O pai de Maria de Fátima, o tratorista da prefeitura Manoel Vicente, 27, não pôde ir ao enterro. Teve de ficar com os três filhos menores de oito anos, que estão com pneumonia.
Sua mulher e a filha que sobreviveu estão internadas em Coruripe, ambas com infeccção.
"Não há o que chorar. Estou preocupado em conseguir dinheiro para comprar remédio e leite para os vivos", disse o tratorista.
A afirmação foi feita enquanto ele arrumava as flores colocadas pelas crianças no pequeno caixão azul que estava sobre a mesa de sua cozinha.
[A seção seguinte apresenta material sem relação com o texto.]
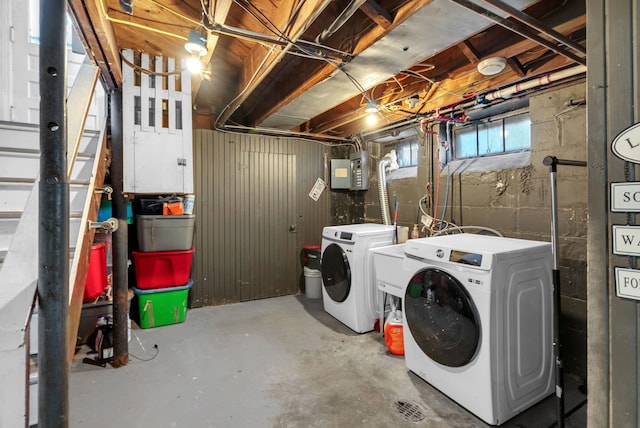 laundry area featuring washer and clothes dryer and electric panel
O caixão com o corpo da menina saiu aberto de sua casa e carregado por quatro crianças. A única representante da família era a filha mais velha, Rosângela, 12.
A criança foi enterrada sem que se fizesse nenhuma oração e em uma cova de 80 centímetros de profundidade por 1 metro de extensão.
No cemitério municipal, que está com a capacidade esgotada, as crianças são enterradas entre os túmulos de cimento. 80% dos corpos do cemitério são de crianças.
Os números
Conforme divulgou a Folha na sexta-feira, em Teotônio Vilela, de cada 1.000 crianças que nasceram no primeiro semestre deste ano, 377 morreram antes de completar um ano.
Esse índice é quase o dobro do país recordista mundial em mortalidade infantil, Níger (África), com 191 mortes a cada 1.000.
Os números de Teotônio Vilela foram colhidos pela prefeitura e são considerados oficiais pelo governo de Alagoas e pelo Unicef, que visitaram o município para investigar o caso.
Tendência
O quadro do município não é isolado no país, segundo Helvécio Bueno, 41, oficial de Saúde do Unicef para Alagoas, Pernambuco e Paraíba.
"O crescimento da mortalidade infantil do Brasil, principalmente na região Nordeste, é uma tendência que está se confirmando devido ao aumento da fome", afirmou.
Bueno é um dos responsáveis pela tabulação de dados colhidos pela Pastoral do Menor, que aponta um crescimento da mortalidade infantil no Nordeste no primeiro trimeste deste ano.
Os números da Pastoral levaram o governo a preparar um plano de emergência para combater o avanço das mortes de crianças.
O plano governamental foi anunciado durante a semana, mas ainda não foi colocado em prática.